Today’s fragile economy requires that now, more than ever, you take a hard look at your business model. In particular, the efforts you make in winning over customers will be the catalyst that carries you through an economic downtown.
Quality is the name of the game today, and most of your customers and prospects want quality repairs that restore system integrity, boost vehicle performance and ensure many miles of worry-free driving.
So promoting your shop’s services on a quality message alone will not be to your best advantage. Customers today are looking for more — you just need to figure out which features and benefits will be attractive to the majority of your customer base. And realize that delivering great customer service is a huge advantage because, in general, it’s rarely delivered by most service establishments.
Recently, I went to a fast-food restaurant for lunch. Something I typically don’t do, but I wanted to try a salad on the menu. Before placing my order, I asked the cashier what was on the salad. To my dismay, not only did she not know, but she didn’t even bother to ask another co-worker about the ingredients for me.
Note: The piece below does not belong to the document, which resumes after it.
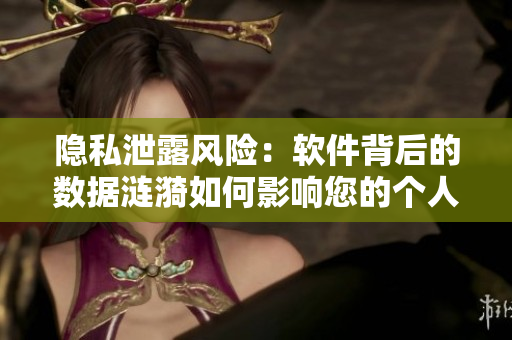 隐私泄露风险：软件背后的数据涟漪如何影响您的个人信息安全？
As an experiment, I went back the next day to order a different salad. The cashier, who was not the same one who took my order the prior day, also could not answer my question about what was on the salad. When I asked for grilled chicken to be added to the salad (note that I was upgrading my order, not her), she didn’t know how to void the ori-ginal salad order and no one was available to help out, so I had to wait several minutes for the corrected order to be pro-cessed.
I was quite amazed that two different cashiers who were assigned to work registers during the busy lunch-hour timeframe were not familiar with their company’s products. Products that are the same ones served day after day, from a limited menu posted on the wall behind them. Most places today are likely no different; extending only a bare minimum level of customer service.
While I realize that turnover is probably very high in the fast-food business, their managers need to be sure that they’ve got their best people on the front lines — dealing with customers — or they risk losing these valued patrons to a competitor.
The message here is that your service writer, and other people at your shop who have the most direct contact with customers, should understand the important responsibilities of their job, and how significant their role is in extending the greatest amount of customer service. The old adage that you have only one chance to make a great first impression is so true.
Customers have so many choices today for any of the products or services they buy. Businesses that want to attract new customers need to actively take steps to deliver the highest level of value and service. They need to stand out in consumers’ minds — to be memorable. If you forget this basic, yet vital, business-building tool, customers may forget about you.